Sometimes you see people claiming that a particular tumblr tag is a “safe space” and that people should keep their hate out of the “transgender” tag, for example. This, is a futile request. The nature of tagging (on most sites, including tumblr) is that tags are public and unmoderated (beyond generic site-level moderation). Such tags will naturally be used by anyone who wishes too. And whilst sites may have “community guidelines” and so forth, against homophobic material etc, such policies tend to rely on user-reporting, and notably tend not to be as strict in their moderation as safe-spaces require.
Another angle is for example the /r/lgbt subreddit, which claims itself as a safe-space for any and all gender, sexual and romantic minorities, and it does work. Kind of. Reddit provides subreddit moderators (sub-reddits are essentially a forum board) with tools to remove any posts they wish. And this subreddit in particular has very pro-active moderators ensuring that any (even slightly) anti-lgbt material is removed quickly. So they have a safe space. Great. except, as is common in the case of highly active moderators, anything that doesn’t fit with their world-view is also removed. As such it creates a community that is perceived to be ‘all on the same page’. Even posts that aren’t anti-lgbt, but question, for example the ever expanding alphabet soup are removed.
Moving into the real world, a “safe space” tends to be a meeting area where there are people in authority, with the power to remove people from the space – such as University LGBT societies. These tend to be less prone to the ‘heavy-handedness’ of internet community moderation – by virtue of the fact that without the online disinhibition effect (Something I learned a great deal about for a University coursework) the number of trolls and “extreme” views tend to be minimised.
That said, online “safe spaces” are needed – providing people who experience homophobia, transphobia, and even things such as sexual assault or have attempted suicide, an area where they can pseudonymously communicate with others in the same boat is vital. It encourages the community to connect, to network, and thus to become stronger. And it insulates them from the problems that they face elsewhere in life (sometimes frighteningly regularly).
Safe Spaces need to be actively moderated, otherwise they are impossible to maintain. But it is important to recognise that this moderation can go too far, which can cause a narrowing world-view and even rejection, not acceptance, from the wider society (or even from within the same minority group – see the split from /r/lgbt to /r/ainbow).

August 8, 2013

On Pornography

Welp. Cameron’s done it. Bent over backwards to introduce unworkable, unrelated policies in a confused mess designed to appeal to comfort traditional Tory Middle-Class ~~Daily Mail reading idiots~~ I mean, voters.
So let’s look at the proposals he has outlined.

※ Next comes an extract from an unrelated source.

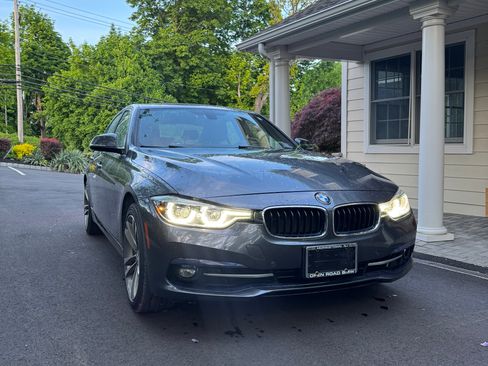 Used 2017 BMW 330i xDrive Sedan AWD/4WD image 2
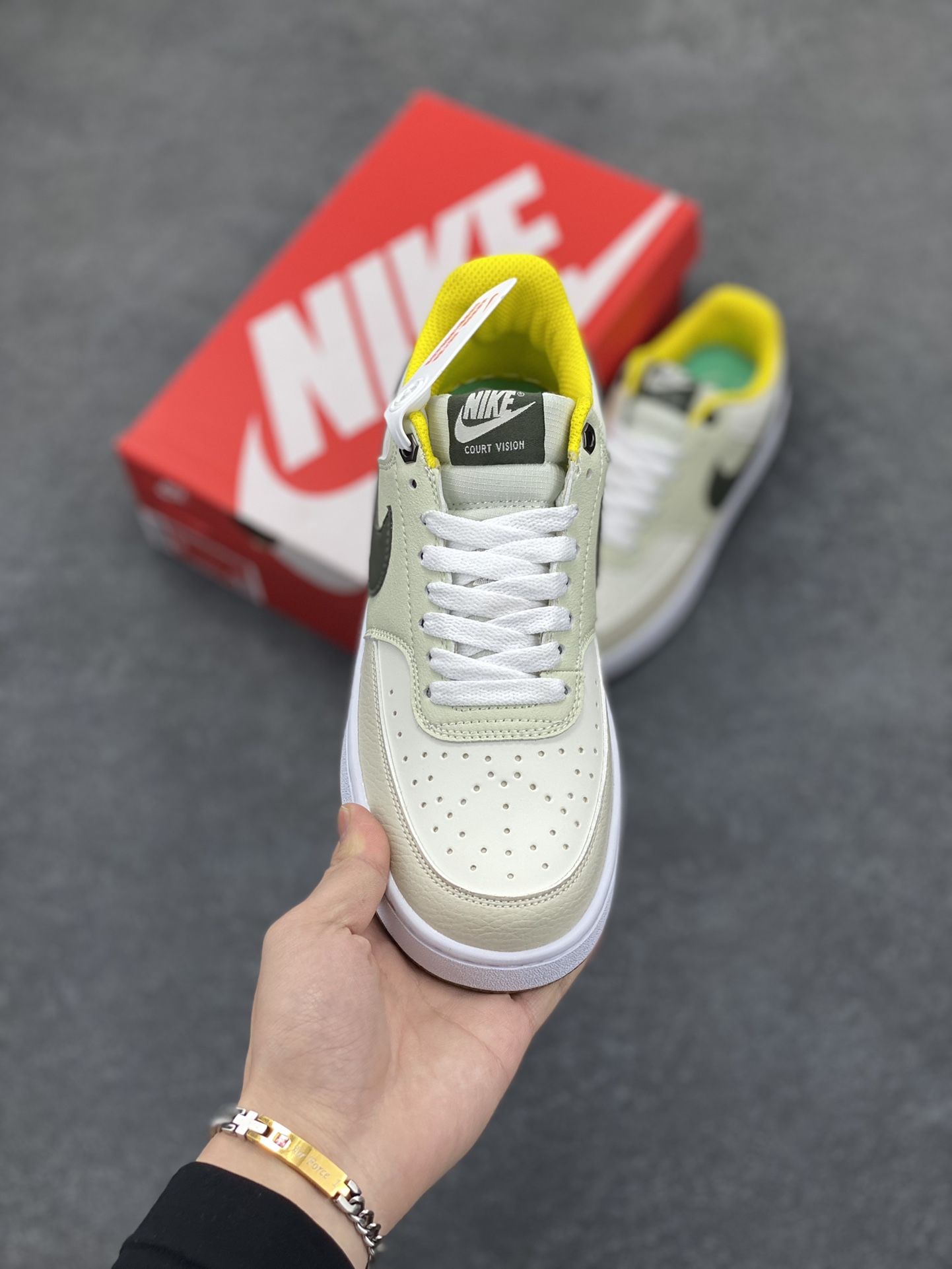 图片[2]-福利特价 Nike Court Borough Low 低帮百搭透气休闲运动板鞋男女鞋 经典耐用的设计，兼顾舒适脚感和出众风范，演绎匠心之作。结构性的支撑贴合感结合复古篮球设计，塑就场外全明星风范。 货号：FV3630-131 尺码：36 36.5 37.5 38 38.5 39 40 40.5 41 42 42.5 43 44 45-选品中心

A ‘crackdown’ on those accessing child pornography/ child abuse images.
Internet Filters that will by default block access to all pornography on those using residential ISPs.
The criminalisation of simulated rape pornography.

The crackdown.
I don’t think many people would disagree with child sexual abuse being absolutely disgusting. My mum was a Special Educational Needs teacher, and she has worked with children who have been abused. It is so wrong the damage it can do to them. That out of the way, let’s have a look at this
The way this is currently handled is you have CEOP, a branch of the police, who track down the people committing the abuse, rescue children, and find people who are viewing the content. You have the IWF, an independent charity who handle reports of child abuse images submitted by the public. They create the blacklist of URLs that is passed to search engines and ISPs to block access, and filter out those pages containing the content. They also forward information to CEOP and equivalent agencies worldwide after deeming content to be potentially illegal.
The proposals include getting search engines to redirect results, so someone searching for “child sex” for example, might get results for “child sex education”. There will also be pages displayed when someone tries to access a page blocked under this scheme that will warn them that looking for such material is a criminal offence. I imagine it would look similar to the ICE notice placed on seized domains by the US Government.
The thing here though, is that Google (and most other search engines) already remove results pointing to child abuse imagery. My thoughts on the IWF being the determiners for what gets blocked (which they already do) are long enough for another blog post – but suffice it to say, I’m not sure that an independent, unaccountable charity should have “special permission” to view and classify the images without any form of oversight – especially as it’s generally hard to work out that something has been blocked – See the Wikipedia Blocking Fiasco. I have another point about the effectiveness of blocking content – but that will be the main thrust of the next section.

Blocking of Pornography
So, the second issue is the implementation of filters on Residential UK Broadband connections that will prohibit access to porn, should the account holder not opt-out of the blocks. This is a further example of how our internet use is getting more and more restricted over time. First they had CleanFeed, which blocked the IWFs list. Then they blocked The Pirate Bay and other similar sites. Now they want to block Pornography (albeit on an opt-out basis for the moment).
So, firstly what is pornography? Images of oral, anal or vaginal sex? How about “Kink” images of bondage, where no genitalia are visible? Pictures of female breasts? Cameron has already announced that Page 3 won’t be blocked.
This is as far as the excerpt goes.